Intel claims fewer wafer processing steps are required to make the EMIB compared to other 2.5D interposer processes. An interposer is an electrical design that provides connectivity. “This is a very simple ball-grid sort of interposer, nothing like the Xilinx interposer,” says Wirbel. “But it is lower cost and not intended for the wide range of applications that more advanced interposers use.”
Using this approach, a customer can add to their design the desired interface, including optical interfaces as well as electrical ones. “We are also looking at optical transceivers directly connected to the FPGA,” says Davies.
Wirbel says such links would simplify interfacing to OTN mappers, and data centre designs that use optical links between racks and for the top-of-rack switch.

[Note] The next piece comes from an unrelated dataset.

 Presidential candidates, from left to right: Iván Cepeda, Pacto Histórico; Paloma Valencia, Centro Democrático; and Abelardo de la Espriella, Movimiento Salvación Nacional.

“Intel wants to see a lot more use of optics directly on the server CPU board, something that the COBO Alliance agrees with in part, and they may steer the on-chip TOSA/ ROSA (transmitter and receiver optical sub-assembly) toward intra-board applications,” he says.
But this is more into the future. “It's fine if Intel wants to pursue those things, but it should not neglect common MSAs for OTN and Ethernet applications of a more traditional sort,” says Wirbel.
The benefit of the system-in-package integration is that different FPGAs can be built without having to create a new expensive mask set each time. “You can build a modular lego-block FPGA and all that it has different is the packaged substrate,” says Davies.
Security and software
Stratix 10 also features security features to protect companies’ intellectual property from being copied or manipulated.
The FPGA features security hardware that protects circuitry from being tampered with; the bitstream that is loaded to configure the FPGA must be decrypted first.
The FPGA is also split into sectors such that parts of the device can have different degrees of security. The sectoring is useful for cloud-computing applications where the FPGA is used as an accelerator to the server host processor. As a result, different customers’ applications can be run in separate sectors of the FPGA to ensure that they are protected from each other.
The security hardware also allows features to be included in a design that the customer can unlock and pay for once needed. For example, a telecom platform could be upgraded to 100 Gigabit while the existing 40 Gig live network traffic runs unaffected in a separate sector.
Altera has upgraded its FPGA software tools in anticipation of the Stratix 10. Features include a hierarchical design flow to simplify the partitioning of a design project across a team of engineers, and the ability to use cloud computing to speed up design compilation time.
What applications will require such advanced FPGAs, and which customers will be willing to pay a premium price for? Wirbel says the top applications will remain communications.
“The emergence of new 400 Gig OTN transport platforms, and the emergence of all kinds of new routers and switches with 400 Gig interfaces, will keep a 40 percent communication base for FPGAs overall solid at Altera,” he says.
Wirbel also expects server accelerator boards where FPGA-based accelerators are used for such applications as financial trading and physics simulation will also be an important market. “But Intel must consider the accelerator board market as an ideal place for Stratix 10 on its own, and not merely as a vehicle for promoting a future Xeon-plus-FPGA hybrid,” he says.
Altera will have engineering samples of the Stratix 10 towards the end of 2015, before being shipped to customers.